Même son de cloche au Conseil des Etats: en tant que présidente de la Commission de l'environnement et de l'énergie, EBS (comme le nom de Keller-Sutter, celui de Baume-Schneider est déjà abrégé) a fait preuve de beaucoup de prudence et d'habileté. «Elisabeth a certainement contribué à la percée du décret sur l'enveloppe budgétaire sur la sécurité de l'approvisionnement énergétique, déclare son collègue de parti et de commission Roberto Zanetti. Elle est extrêmement patiente – même dans les situations difficiles.»
«Elle va nous surprendre»
Et le conseiller aux États appenzellois Daniel Fässler d'affirmer qu'Elisabeth Baume-Schneider a mené les séances de commission avec beaucoup de charisme, mais aussi d'efficacité, de fermeté et d'esprit de décision. «Ne voir en Elisabeth Baume-Schneider que la joyeuse Jurassienne ne lui rend pas justice.»
Roberto Zanetti pense également qu'EBS est sous-estimée : «Quels sont donc les conseillers fédéraux qui ont marqué la mémoire collective de la Suisse?», demande-t-il. Et il donne lui-même la réponse : «Willi Ritschard, Adolf Ogi, Ueli Maurer». Eux aussi avaient fait l'objet de questions dans le passé. «Elisabeth Baume-Schneider va nous surprendre», prédit Roberto Zanetti.

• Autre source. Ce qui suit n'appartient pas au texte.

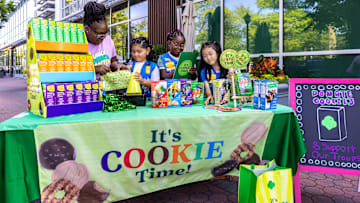 Daisy Girl Scouts and a leader selling at a cookie booth.
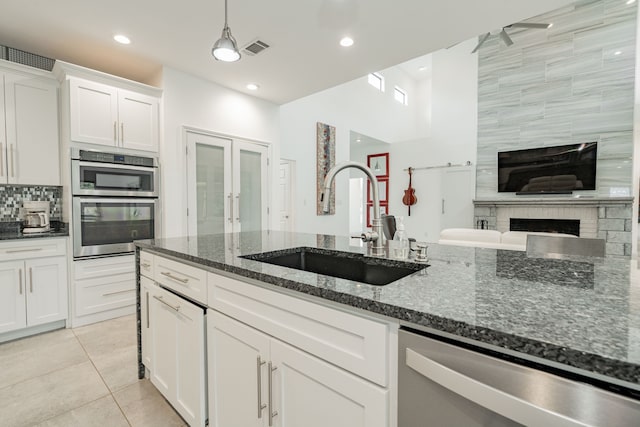 kitchen featuring white cabinetry, sink, dark stone counters, and appliances with stainless steel finishes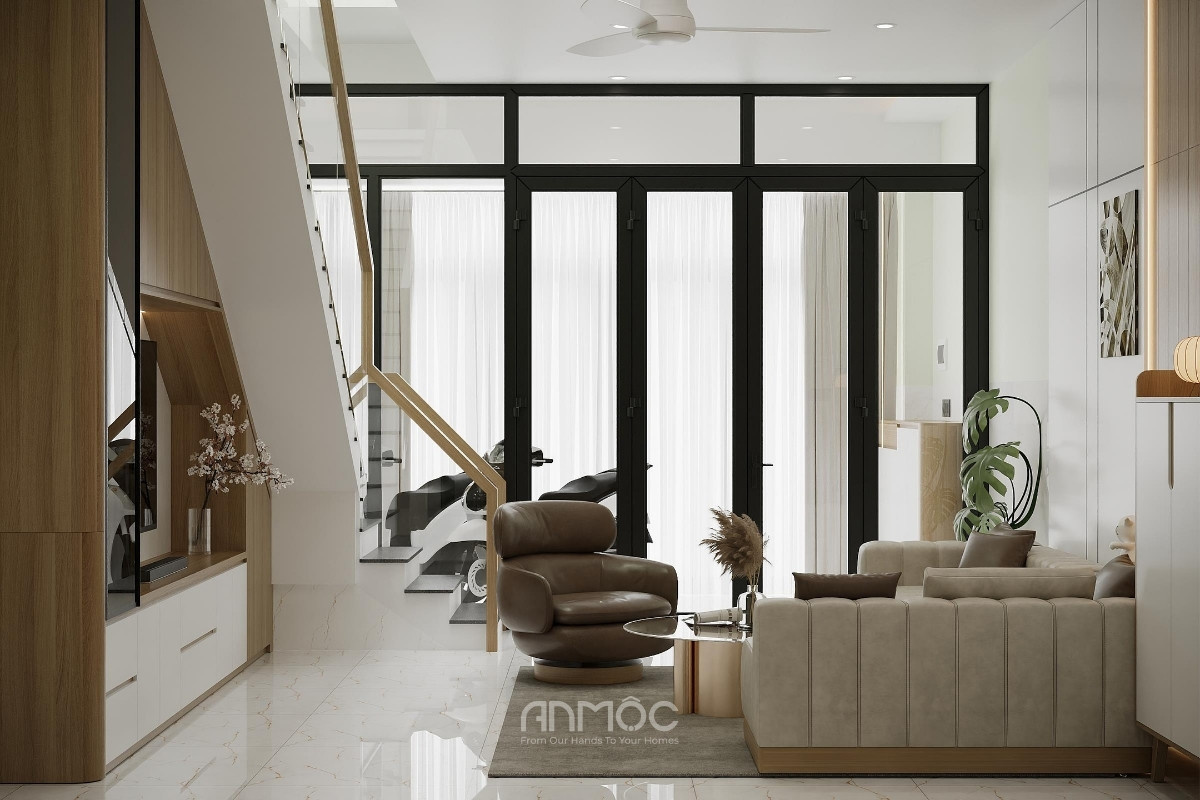 Khu vực cửa chính tận dụng cửa kính lớn để đón sáng tự nhiên, giúp không gian phòng khách luôn thoáng đãng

D'autres voix sont plus explicites, mais moins flatteuses. EBS serait certes aimable, mais très têtue. Certains la décrivent comme un Ueli Maurer de gauche mais sont convaincus qu'elle aussi aura recours au principe de collégialité. D'autres la voient comme une battante et prédisent que «Karin Keller-Sutter risque de souffrir.»
«La Dame de fer» ne fait pas l'unanimité
Cette perspective peut en rassurer plus d'un au Palais fédéral, où l'on craint une trop grande concentration de pouvoir entre les mains de Karin Keller-Sutter. Selon «24 Heures», cela ne serait pas avantageuc pour le fonctionnement du pays. Même l'UDC soupçonne KKS de tout faire pour prendre le rôle de leader incontesté. La «Weltwoche» a d'ailleurs colporté qu'elle avait tenté d'empêcher Albert Rösti de devenir ministre de l'Environnement.
Même dans son canton, «la Dame de fer», comme on l'appelait lorsqu'elle était conseillère d'Etat saint-galloise, est confrontée à un forte opposition en raison de sa prétention au pouvoir. «Le membre le plus fort du Conseil fédéral a une responsabilité particulière», écrivait récemment le «St. Galler Tagblatt». Elle doit veiller à la bonne santé de la concordance et de la collégialité.»
Le conseiller aux Etats socialiste Roberto Zanetti, quant à lui, ne pense pas que «KKS» est une menace pour la rupture de la collégialité. Il n'entend pas la description de cette «dame de fer calculatrice» que l'on colle trop souvent à Karin Keller-Sutter. «Je la perçois tout à fait différemment, dans le contact personnel, elle est tout à fait capable d'humour et d'empathie.»
Entre l'image que l'on prête aux deux conseillères fédérales et leurs agissements réels, il y aura certainement une marge qui promet un certain suspens.